Eddie Gonzales Jr. – MessageToEagle.com – Researchers from the Instituto de Astrofísica de Canarias (IAC) used the Gaia space telescope, to obtain exact measurements of position, brightness and distance for around a million stars of our galaxy within 6,500 light years of the sun.
“We have analyzed, and compared with theoretical models, the distribution of colors and magnitudes (brightnesses) of the stars in the Milky Way,” Carme Gallart, a researcher at the IAC and the first author of the paper, said a press release.
Then, they “split them into several components; the so-called stellar halo (a spherical structure which surrounds spiral galaxies) and the thick disc (stars forming the disc of our Galaxy, but occupying a certain height range)”
The movement of the stars in the blue component quickly allowed us to identify it as the remains of a dwarf galaxy (Gaia-Enceladus) which impacted onto the early Milky Way. However the nature of the red population, and the epoch of the merger between Gaia-Enceladus and our Galaxy were unknown until now.

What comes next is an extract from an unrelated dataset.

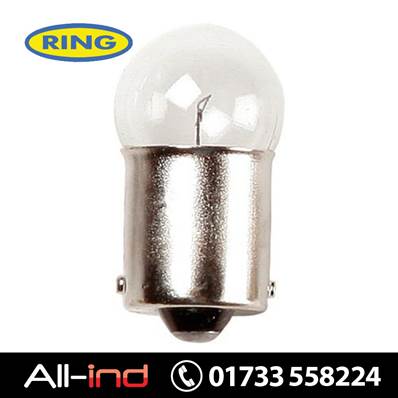 *ER874 RING CAP BA15S 28V 7W LONG LIFE [QTY=10]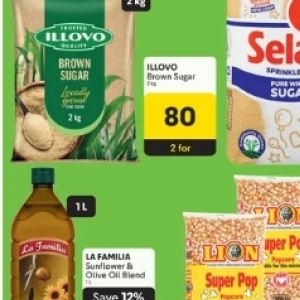 Olive oil at Makro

The researchers obtained the distribution of the ages of the stars in both components, showing that the two are formed by equally old stars, which are older than those of the thick disc. However, “if both components were formed at the same time, what differentiates one from the other? said IAC researcher and co-author Chris Brook.
Additionally, the study showed that the stars in the blue component have a smaller quantity of metals than those of the red component. Thirteen thousand million years ago stars began to form in two different stellar systems which then merged: one was a dwarf galaxy which we call Gaia-Enceladus, and the other was the main progenitor of our Galaxy, some four times more massive and with a larger proportion of metals.
Some ten thousand million years ago there was a violent collision between the more massive system and Gaia-Enceladus. As a result some of its stars, and those of Gaia-Enceladus were set into chaotic motion, and eventually formed the halo of the present Milky Way.
After that there were violent bursts of star formation until 6,000 million years ago, when the gas settled into the disc of the Galaxy, and produced what we know as the “thin disc”.